(Scraped caption text data)
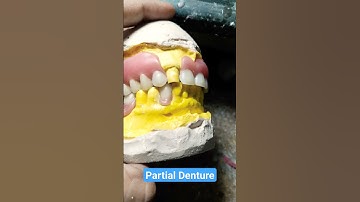 Acrylic Removable Partial Denture Teeth Arrangement By Haider #dentalartbyhaider #rpd #dentures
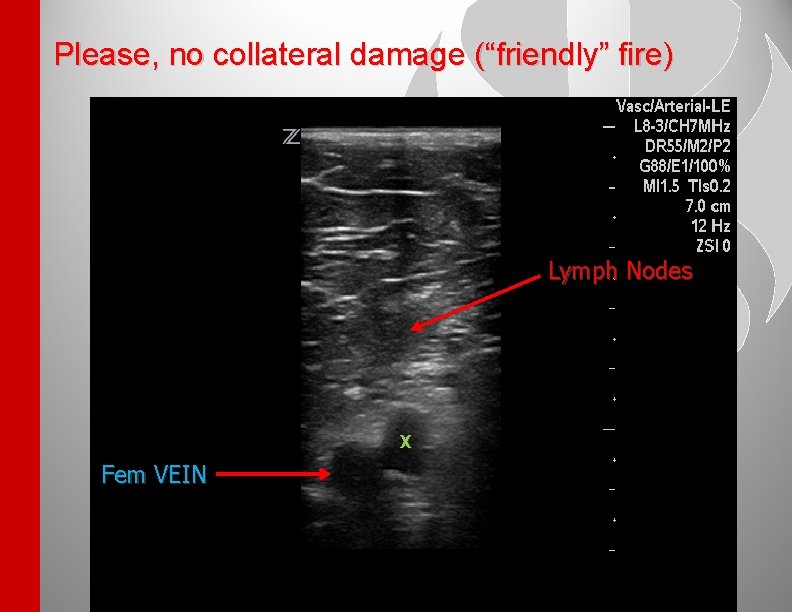 Please, no collateral damage (“friendly” fire) Lymph Nodes X Fem VEIN 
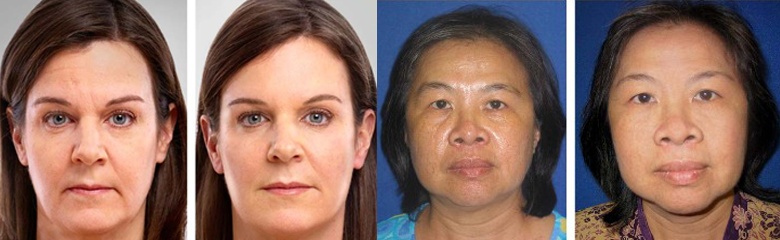 anti aging results stem cells antiaging results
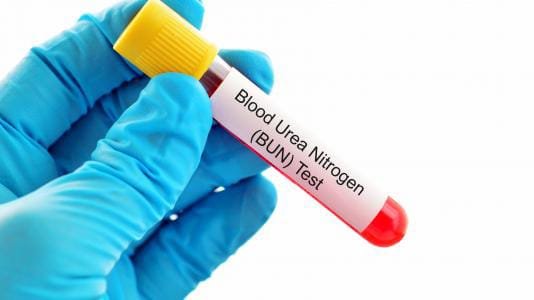 تحليل اليوريا في الدم داخل مخبر تحاليل طبية في إسطنبول لتقييم وظائف الكلى والجفاف.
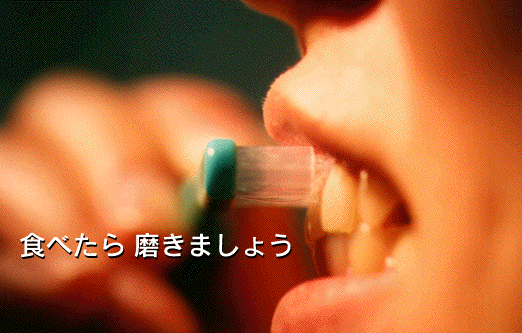 プラークコントロール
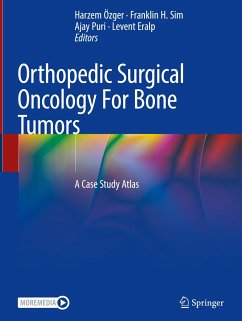 Orthopedic Surgical Oncology For Bone Tumors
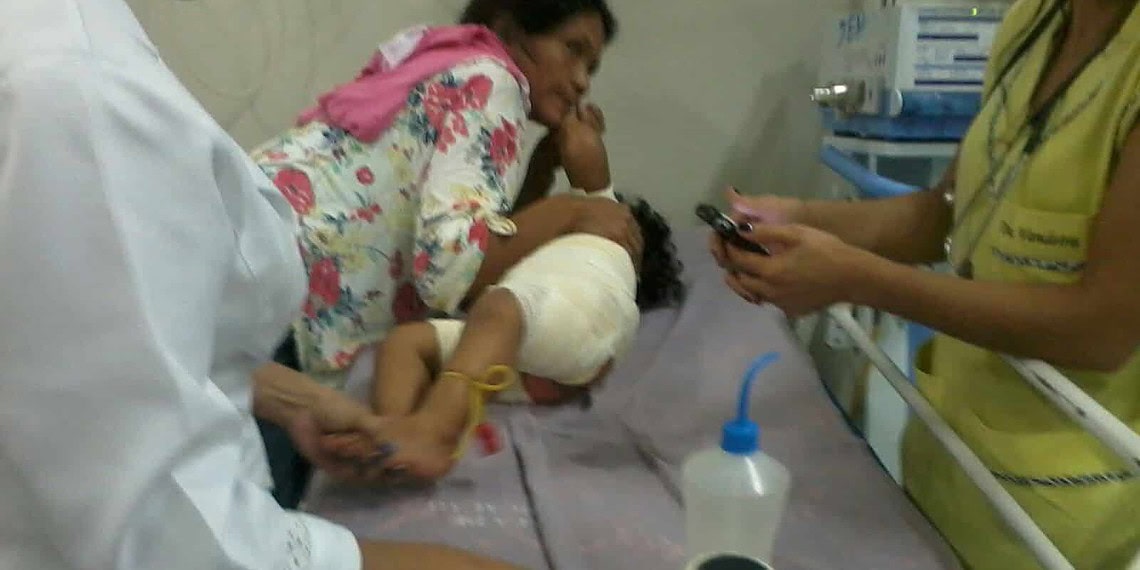 Criança que teve 30% do corpo queimado está com pneumonia, diz mãe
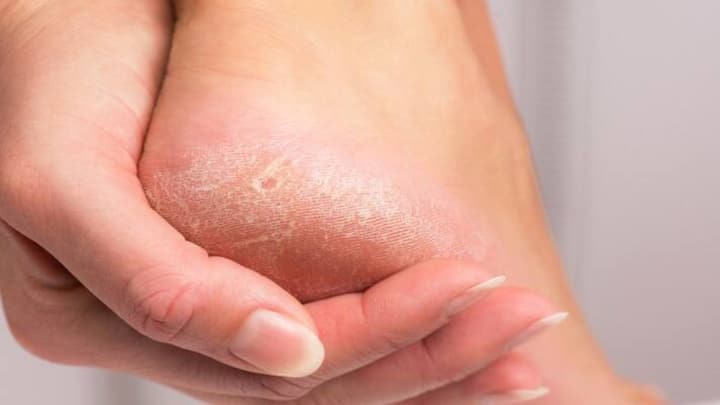 Winter Foot Care: বহু কিছুই ব্যবহার করেছেন, কিন্তু কিছু করেই কিছু হচ্ছে না। সেই ঘুরে ফিরে গোড়ালি-পায়ের অংশ ফাটা শুরু করেছে ? তাহলে দেখুন একনজরে..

→ **TASK BRIEF**
Leaving the pictures out, copy exactly the lines from the line that contains "Criança que teve" to the last line of the data, both ends included.

→ **ANSWER SPACE**
 Criança que teve 30% do corpo queimado está com pneumonia, diz mãe
 Winter Foot Care: বহু কিছুই ব্যবহার করেছেন, কিন্তু কিছু করেই কিছু হচ্ছে না। সেই ঘুরে ফিরে গোড়ালি-পায়ের অংশ ফাটা শুরু করেছে ? তাহলে দেখুন একনজরে..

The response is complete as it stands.